Scala , a statically-typed functional programming language, has been on the market for almost 20 years. During that time, a couple of mainstream approaches have evolved when it comes to writing Scala code. These include using effect systems, techniques of asynchronous code execution, and leveraging various libraries and frameworks.

While these approaches are quite diverse, there’s a set of principles that are shared among all of them. In other words, when writing applications in Scala, whatever your favorite stack, there are certain things you often do, and certain things you never do.
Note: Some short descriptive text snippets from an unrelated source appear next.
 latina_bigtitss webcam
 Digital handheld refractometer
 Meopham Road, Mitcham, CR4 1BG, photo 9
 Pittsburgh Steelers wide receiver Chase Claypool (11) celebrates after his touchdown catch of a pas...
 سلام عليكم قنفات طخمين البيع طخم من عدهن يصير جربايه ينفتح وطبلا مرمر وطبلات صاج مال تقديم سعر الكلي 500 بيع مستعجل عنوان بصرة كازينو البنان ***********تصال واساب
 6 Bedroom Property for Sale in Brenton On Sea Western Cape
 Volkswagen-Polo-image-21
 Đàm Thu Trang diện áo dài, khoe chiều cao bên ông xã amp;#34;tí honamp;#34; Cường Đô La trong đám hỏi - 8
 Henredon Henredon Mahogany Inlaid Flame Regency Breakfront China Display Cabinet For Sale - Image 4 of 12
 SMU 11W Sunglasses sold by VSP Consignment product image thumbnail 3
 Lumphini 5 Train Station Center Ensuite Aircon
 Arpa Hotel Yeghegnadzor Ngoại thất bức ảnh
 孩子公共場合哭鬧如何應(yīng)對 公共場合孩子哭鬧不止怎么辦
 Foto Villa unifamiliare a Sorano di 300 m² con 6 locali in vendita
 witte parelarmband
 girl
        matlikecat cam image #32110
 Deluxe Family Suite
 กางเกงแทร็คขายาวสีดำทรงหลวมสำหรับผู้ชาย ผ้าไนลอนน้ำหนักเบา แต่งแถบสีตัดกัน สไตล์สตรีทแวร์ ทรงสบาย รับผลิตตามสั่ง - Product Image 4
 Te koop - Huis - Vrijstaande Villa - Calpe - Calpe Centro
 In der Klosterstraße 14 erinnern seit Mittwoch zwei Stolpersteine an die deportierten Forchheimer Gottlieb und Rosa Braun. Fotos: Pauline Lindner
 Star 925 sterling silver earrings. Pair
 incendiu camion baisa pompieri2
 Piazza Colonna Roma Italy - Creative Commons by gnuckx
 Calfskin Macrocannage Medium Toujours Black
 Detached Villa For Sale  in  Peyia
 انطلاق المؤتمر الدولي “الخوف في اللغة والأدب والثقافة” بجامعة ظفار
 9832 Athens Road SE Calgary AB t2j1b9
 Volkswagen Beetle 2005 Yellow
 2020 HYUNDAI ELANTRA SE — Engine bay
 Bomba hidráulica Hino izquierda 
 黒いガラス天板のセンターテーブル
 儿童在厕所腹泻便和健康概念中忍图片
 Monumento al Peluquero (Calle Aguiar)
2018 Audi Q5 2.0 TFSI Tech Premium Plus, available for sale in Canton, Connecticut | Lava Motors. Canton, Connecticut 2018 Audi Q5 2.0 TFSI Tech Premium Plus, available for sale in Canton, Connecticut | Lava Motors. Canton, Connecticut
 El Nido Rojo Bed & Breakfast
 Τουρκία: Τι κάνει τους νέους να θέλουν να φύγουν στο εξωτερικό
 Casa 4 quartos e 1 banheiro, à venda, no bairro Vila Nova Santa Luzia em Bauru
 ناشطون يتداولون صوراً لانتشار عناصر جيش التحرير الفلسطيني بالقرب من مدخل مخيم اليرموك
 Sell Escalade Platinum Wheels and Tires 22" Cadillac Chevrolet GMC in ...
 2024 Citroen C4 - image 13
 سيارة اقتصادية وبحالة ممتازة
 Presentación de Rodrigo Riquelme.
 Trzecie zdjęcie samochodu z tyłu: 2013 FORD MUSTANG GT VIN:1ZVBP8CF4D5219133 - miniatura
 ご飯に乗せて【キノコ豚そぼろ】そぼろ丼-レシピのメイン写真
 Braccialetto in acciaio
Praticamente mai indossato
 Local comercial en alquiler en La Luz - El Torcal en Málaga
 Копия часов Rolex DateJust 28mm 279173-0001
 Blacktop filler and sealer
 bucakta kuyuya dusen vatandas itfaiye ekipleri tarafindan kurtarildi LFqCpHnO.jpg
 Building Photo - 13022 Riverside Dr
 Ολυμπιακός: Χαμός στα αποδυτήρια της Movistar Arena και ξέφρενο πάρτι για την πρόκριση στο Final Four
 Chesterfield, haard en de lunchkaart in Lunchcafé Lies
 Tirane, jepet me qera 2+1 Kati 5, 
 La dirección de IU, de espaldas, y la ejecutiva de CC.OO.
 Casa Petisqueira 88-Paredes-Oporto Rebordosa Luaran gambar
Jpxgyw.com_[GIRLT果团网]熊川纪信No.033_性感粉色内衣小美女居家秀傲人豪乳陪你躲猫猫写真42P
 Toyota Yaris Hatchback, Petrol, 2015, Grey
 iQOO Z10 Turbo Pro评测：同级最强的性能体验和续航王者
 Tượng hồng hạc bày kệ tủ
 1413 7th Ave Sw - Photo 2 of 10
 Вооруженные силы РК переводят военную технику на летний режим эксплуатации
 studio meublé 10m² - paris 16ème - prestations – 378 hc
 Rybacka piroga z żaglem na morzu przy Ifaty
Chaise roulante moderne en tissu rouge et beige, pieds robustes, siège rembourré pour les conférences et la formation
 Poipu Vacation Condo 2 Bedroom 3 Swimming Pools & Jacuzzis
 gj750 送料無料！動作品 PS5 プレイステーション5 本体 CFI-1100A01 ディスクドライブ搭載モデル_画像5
These principles emerge from three pillars: the language itself, the standard library, and the community. Let’s look at a couple of such practices in detail, in some cases contrasting the Scala approach with how applications are written in the Java ecosystem.

Immutable data structures

One of the most fundamental and impactful properties of code written using Scala is that by default, data structures are immutable. There are a number of benefits of such an approach (and some downsides, as well):

  • data can’t be modified “somewhere else” by “somebody else”
  • state external to a function cannot change, code is easier to understand; that’s also called local reasoning
  • resiliency to data corruption as concurrent data modification is not possible
  • greater thread-safety and simpler concurrent programming in general

Other programming platforms share the preference for immutable data structures when it comes to concurrent programming. The fact that it’s the default in Scala might be one of the reasons for concurrent programming to be one of Scala’s niches.

Scala supports immutable data structures on many levels. First, we’ve got constructs right in the language, such as case classes, class fields which are vals (not vars) by default, enums (in Scala 3), and ADTs (sealed families of classes). Another important aspect is the ease of creating modified data structures using the auto-generated copy methods.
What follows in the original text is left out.